Ces solutions « demandent un peu plus de travail, un peu plus de surveillance », a-t-il concédé, alors que les agriculteurs craignent une perte « en productivité », a expliqué l’un d’eux à franceinfo vendredi. « Ce sont des emplois perdus, un savoir-faire qu’on perd et le sucre qu’on ne va pas produire nous, d’où va-t-il venir ? ».
Lors du point-presse, Marc Fesneau a déclaré vouloir également « faire activer au niveau européen les clauses de sauvegarde pour qu’il n’y ait pas de distorsion de concurrence ». La France est le premier producteur européen de sucre.
« Nous saluons cette décision et cette victoire que nous emportons après de rudes batailles. Cela fait des années que nous alertons le gouvernement sur cette impasse que sont ces dérogations accordées à des produits extrêmement dangereux et qui plus est interdits ! Aujourd’hui c’est une grande victoire pour la biodiversité et les pollinisateurs » déclare François Veillerette, porte-parole de Générations Futures.
Repenser notre modèle agricole
« Le gouvernement doit désormais changer de direction et faire évoluer en profondeur notre agriculture vers l’agroécologie. Nous demandons donc que la future Loi d’Orientation Agricole qui s’annonce permette enfin de repenser notre modèle agricole en favorisant des systèmes de production qui ne soient plus dépendants des intrants chimiques et en premier lieu des pesticides de synthèse. » conclut-il.
Les dérogations européennes avaient été attaquées en justice par le réseau d’associations Pesticide Action Network (PAN) Europe, après un recours devant le Conseil d’Etat belge. Selon le réseau, la France n’est pas le seul pays à avoir accordé des dérogations. Entre 2019 et 2022, pas moins de 236 dérogations ont été délivrées pour des substances considérées comme « hautement toxiques », dont près de la moitié pour des néonicotinoïdes.

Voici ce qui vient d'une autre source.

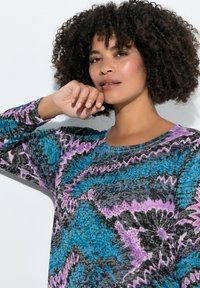 Langärmlige Tunika in lebhaftem Blau-, Lila- und Schwarzmuster, mit Rundhalsausschnitt und strukturiertem Stoff mit Akzentdetails.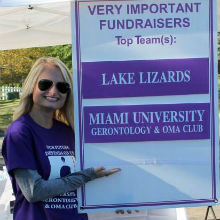 A student poses near a sign that highlights Miami Gerontology achievement at Alzheimers Walk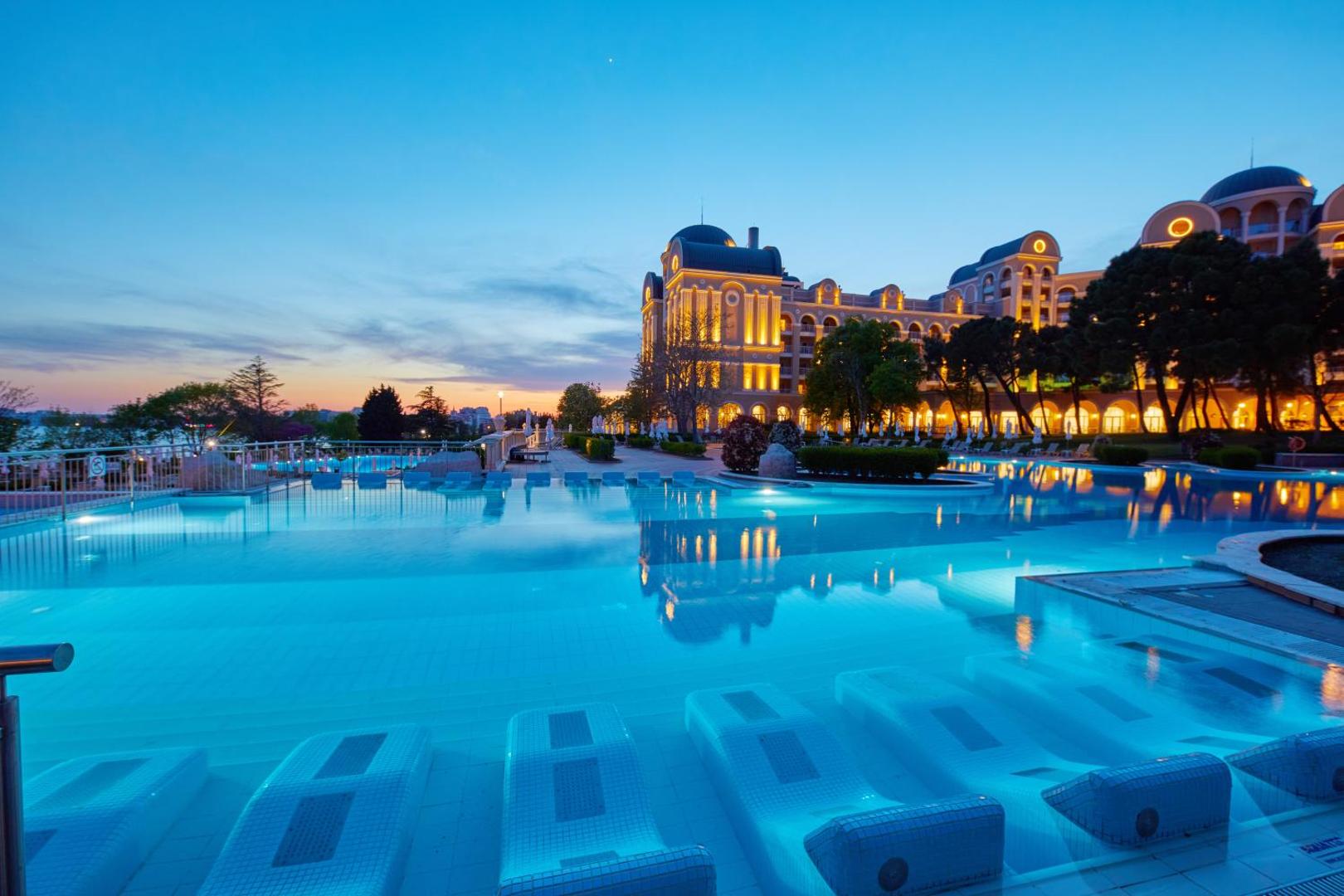 Alua Sunny Beach Resort & Spa izgaismotais baseins un viesnīcas fasāde vakarā ar ērtiem ūdens zviļņiem relaksācijai zem klajas debess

En revanche, des pays comme l’Italie avaient prouvé qu’il était possible de se passer des néonicotinoïdes, y compris pour les betteraves, en ne sollicitant aucune dérogation. L’Allemagne, la Pologne et la Belgique avaient, de leur côté, déjà renoncé à prolonger la dérogation cette année.
L’enjeu de cette interdiction est de taille pour les abeilles dont au moins 30 % de la population était décimée chaque année par ces pesticides. Sans compter tous les insectes pollinisateurs sauvages qui tombaient à cause de ces substances toxiques diffusées dans la nature. Un crime contre la biodiversité était ainsi perpétré avec des conséquences non seulement sur les populations animales mais aussi très directement sur les humains.
Une étude réalisée récemment par des chercheurs de l’université d’Harvard a modélisé l’impact du défaut de pollinisation sur la production agricole, les prix et les effets induits sur l’alimentation et la santé. Publiés dans la revue Environmental Health Perspectives, en décembre 2022, les résultats de cette étude sont saisissants : à l’échelle mondiale, l’impact alimentaire du défaut de pollinisation des cultures serait responsable de près d’un demi-million de morts prématurées par an. Un chiffre sans doute en deçà de la réalité, selon les auteurs.